TASK STATEMENT:
In the entries below, begin at the line with "Minions, 2015, cartoon, movie, Allison" and stop after the line with "thumbnail image 1"; output those lines exactly and omit the pictures.

EXCERPTED DATA:
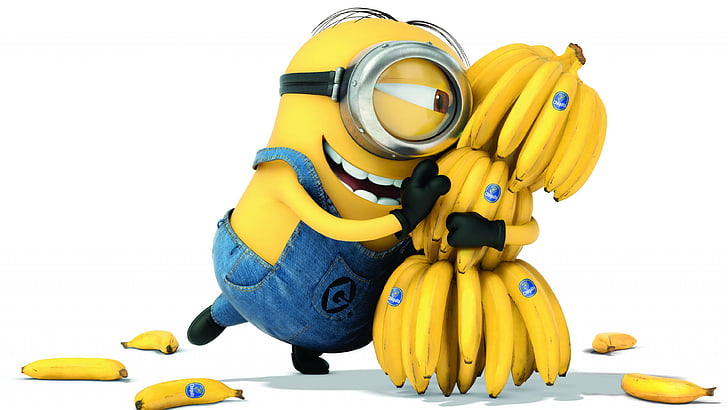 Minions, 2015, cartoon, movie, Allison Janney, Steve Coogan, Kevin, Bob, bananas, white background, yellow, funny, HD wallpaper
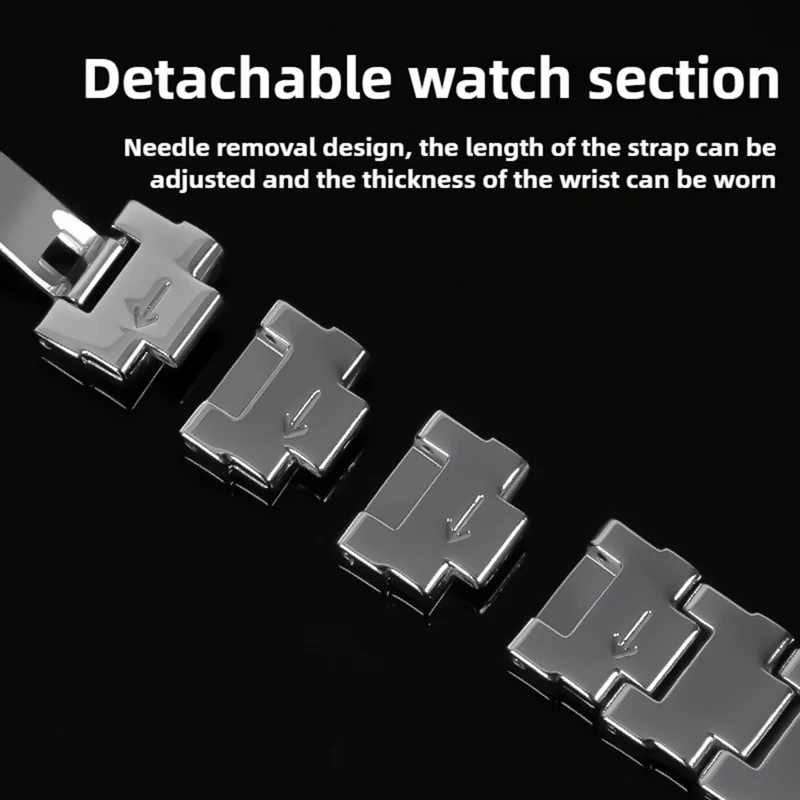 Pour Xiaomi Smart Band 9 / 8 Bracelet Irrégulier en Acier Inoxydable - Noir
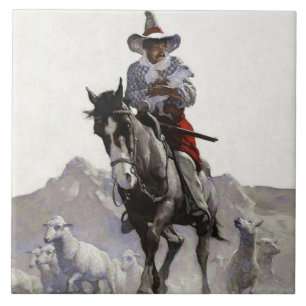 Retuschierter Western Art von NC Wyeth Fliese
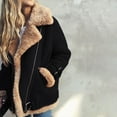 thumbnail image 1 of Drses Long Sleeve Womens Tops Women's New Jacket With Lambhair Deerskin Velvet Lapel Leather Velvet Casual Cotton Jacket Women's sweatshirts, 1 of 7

...

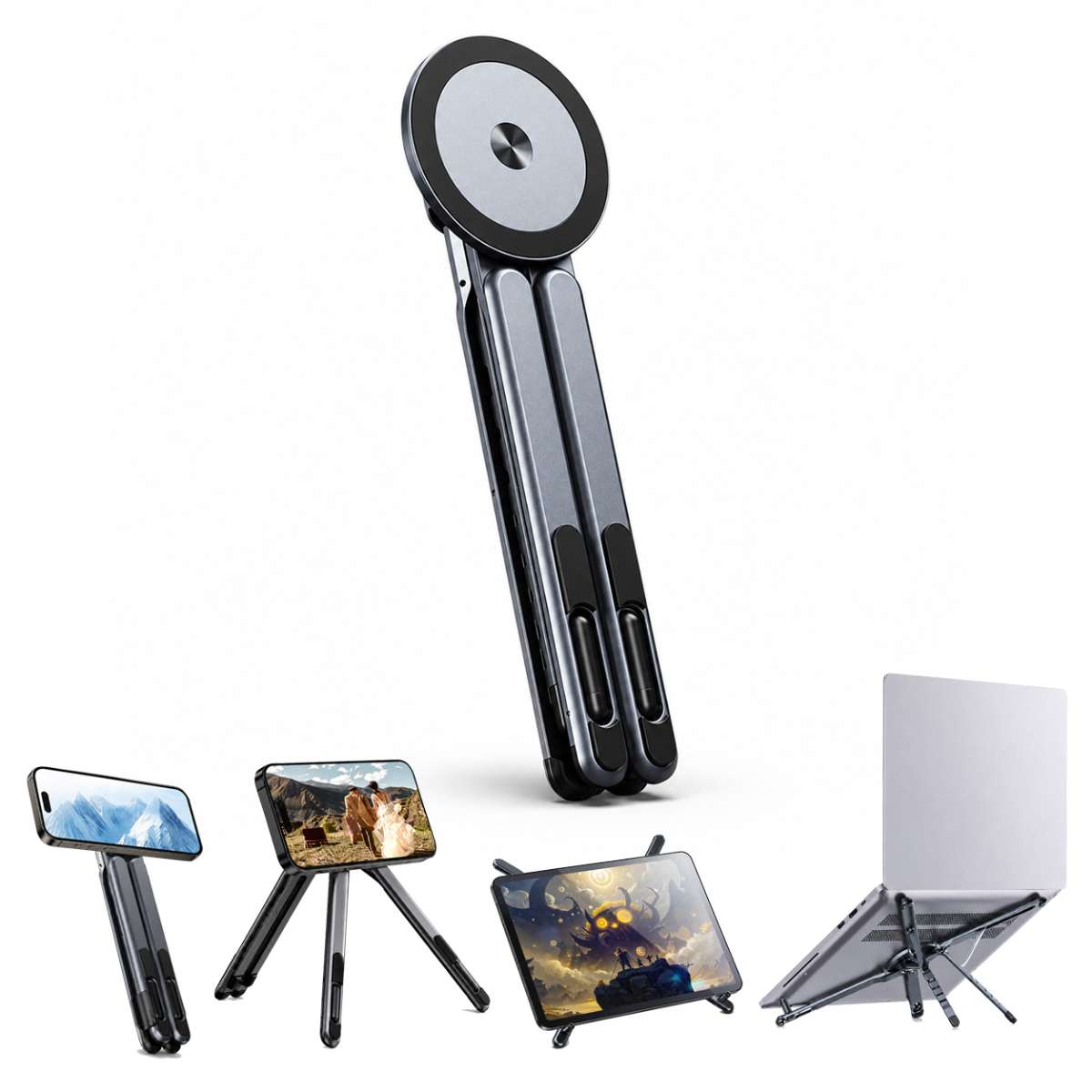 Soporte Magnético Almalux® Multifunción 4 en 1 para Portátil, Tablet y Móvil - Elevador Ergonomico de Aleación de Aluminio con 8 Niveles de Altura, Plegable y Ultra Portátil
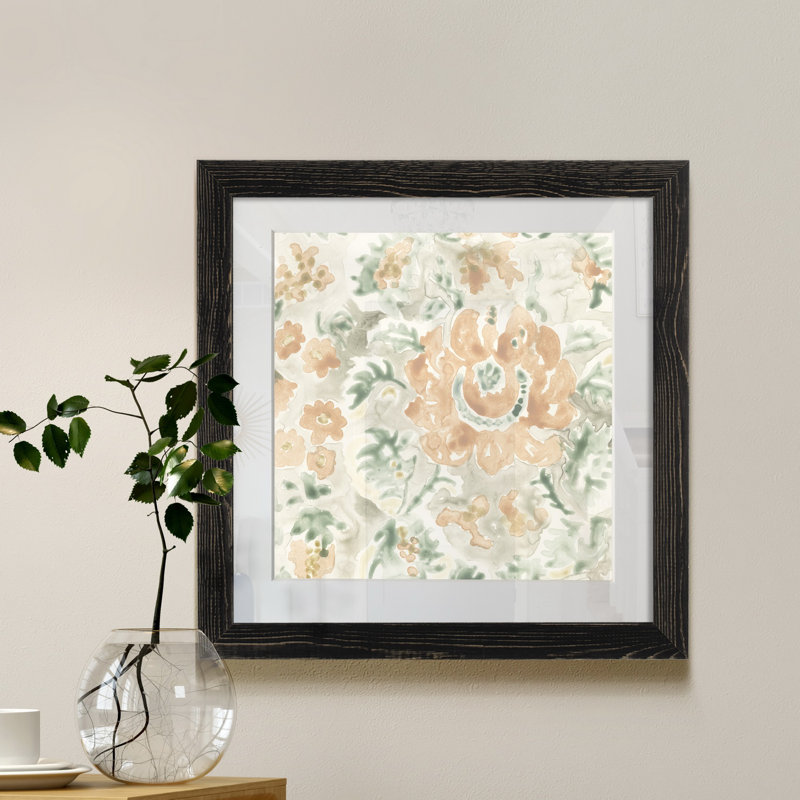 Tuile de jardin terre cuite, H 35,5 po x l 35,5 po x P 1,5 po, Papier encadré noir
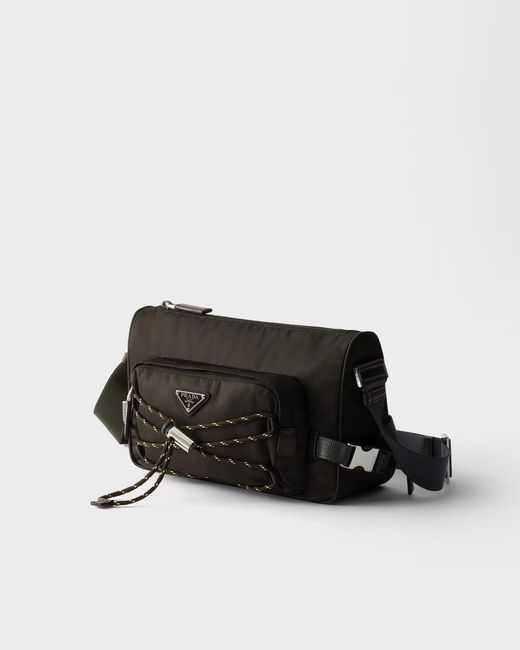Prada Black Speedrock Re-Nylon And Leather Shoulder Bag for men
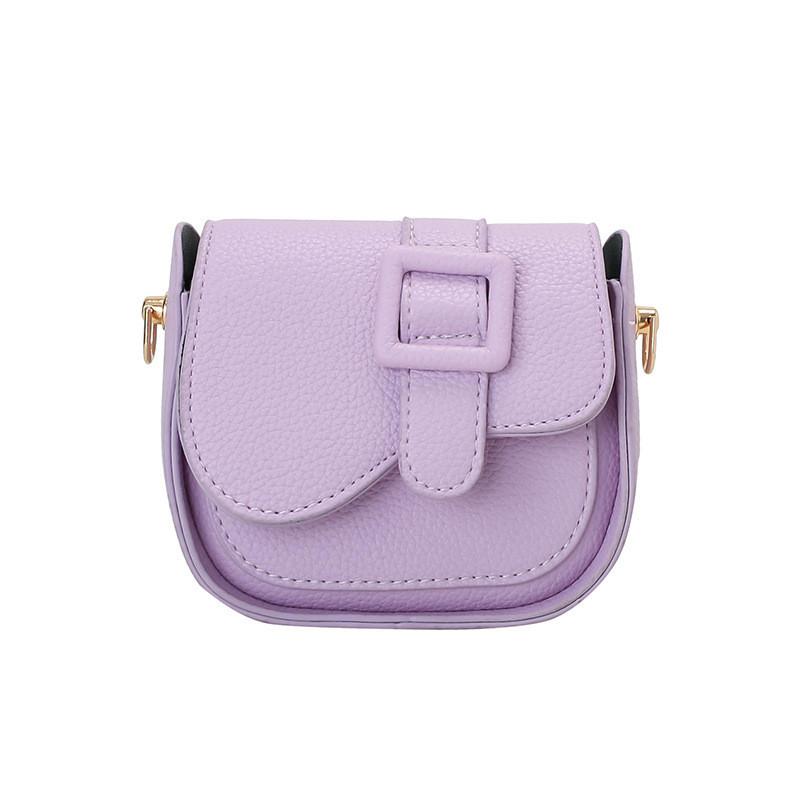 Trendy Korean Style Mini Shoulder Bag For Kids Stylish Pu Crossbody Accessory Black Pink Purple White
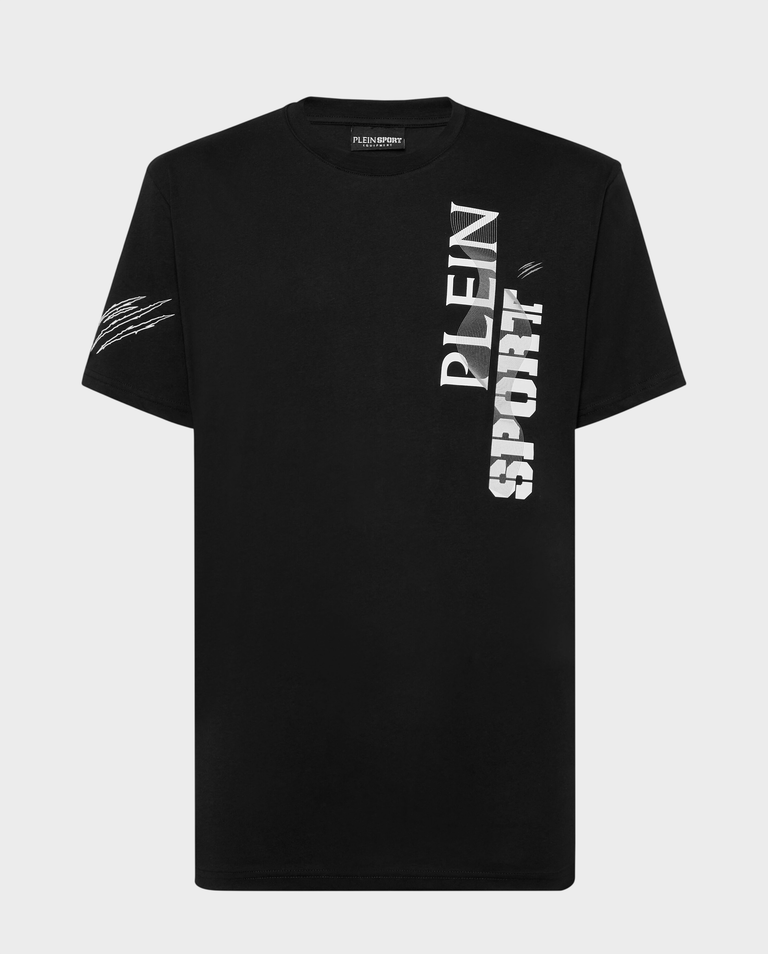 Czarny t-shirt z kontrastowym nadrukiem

ANSWER TO THIS EXERCISE:
 Minions, 2015, cartoon, movie, Allison Janney, Steve Coogan, Kevin, Bob, bananas, white background, yellow, funny, HD wallpaper
 Pour Xiaomi Smart Band 9 / 8 Bracelet Irrégulier en Acier Inoxydable - Noir
 Retuschierter Western Art von NC Wyeth Fliese
 thumbnail image 1 of Drses Long Sleeve Womens Tops Women's New Jacket With Lambhair Deerskin Velvet Lapel Leather Velvet Casual Cotton Jacket Women's sweatshirts, 1 of 7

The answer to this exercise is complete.